Ou plutôt une sortie.
Eranor avait vérifié, aucun lien ne le tenait cloué à la litière brute sur laquelle il reposait. Le tas de feuilles immenses, jetées à même le sol terreux en guise de matelas, crissait doucement sous lui alors qu'il testait la liberté de ses mouvements. Son bras gauche seul, en bandeau, était limité dans ses mouvements par les bandages et la douleur. Comme par automatisme, l'elfe lança son bras d'arme en protection, sur la blessure, tandis que le mal se ranimait, fulgurant, avant de disparaître. Apparemment, il n'était pas vraiment guéri. Plutôt en rémission.

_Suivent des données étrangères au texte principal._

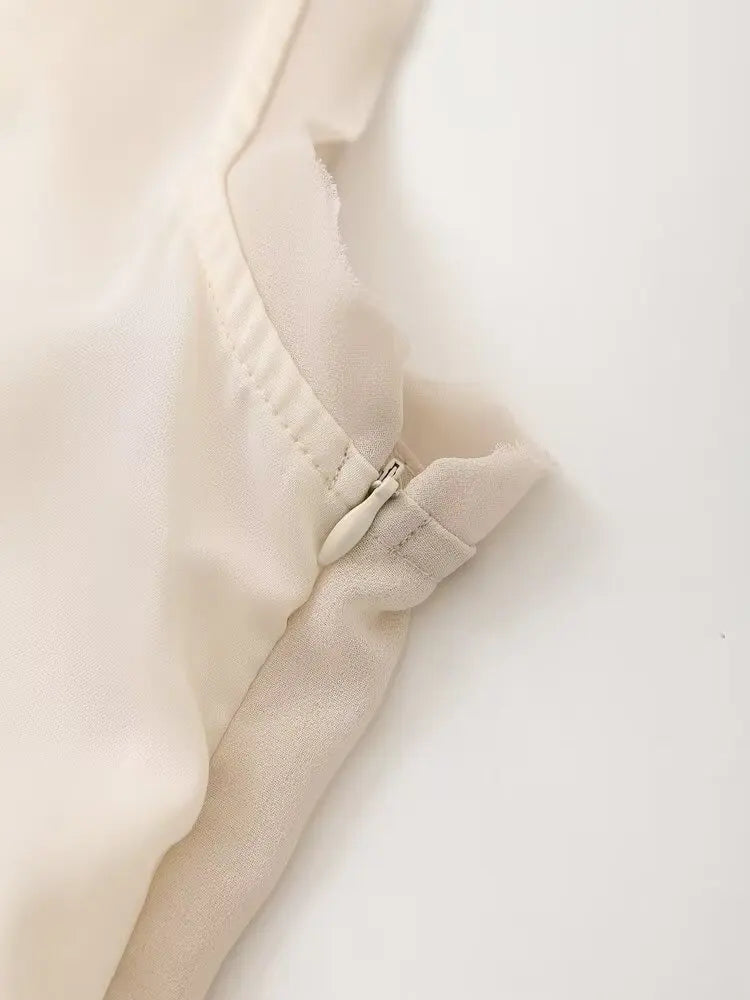 Midi Dresses - Women's V-neck Sleeveless Vest Dress Premium Temperament Slim Lapel Long Dress Sexy Semi-sheer Slit Lingerie Long Dresses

Peu à peu, ses yeux elfiques s'adaptaient au nouveau décors qui lui était proposé. Les murs, qui filtraient une lumière verdâtre, faiblarde et malaisée, étaient faits de longues plantes en tube, rigides, qu'Eranor avait déjà vu utilisé comme manche pour les armes de son combat. Le toît, pour autant qu'il puisse en juger à travers la fumée malodorante et épaisse, était fait de paille, grossièrement jetée en nasse sur une structure de bois et de bambou. Le sol était nu, l'exception d'un ou deux objets indiscernables posés sur la terre meuble, et du foyer entouré de pierrailles. Et à côté... son armure, les lanières arrachées, son heaume et son arme, symboles de son appartenance à un ordre d'élite du monde connu.
Et la pensée le frappa, fulgurante, lancinante, déchirante. Senthoï ! Où était-il ? Qu'était cet endroit ? Pourquoi l'avoir soigné lui et non Artémisia ?
Hors de son habitation de paille, de bois et de bambou, un tambour se mis à battre gravement au même rythme que ses battements de coeurs. Il était vivant, mais pour combien de temps encore?
Une chose était sûre. Seul et blessé en terre inconnue, avec pour seul avenir le combat ou la mort, Eranor se montrait enfin à la hauteur de ce qu'il avait toujours rêvé pour lui-même: la vie d'un héros de Caledor!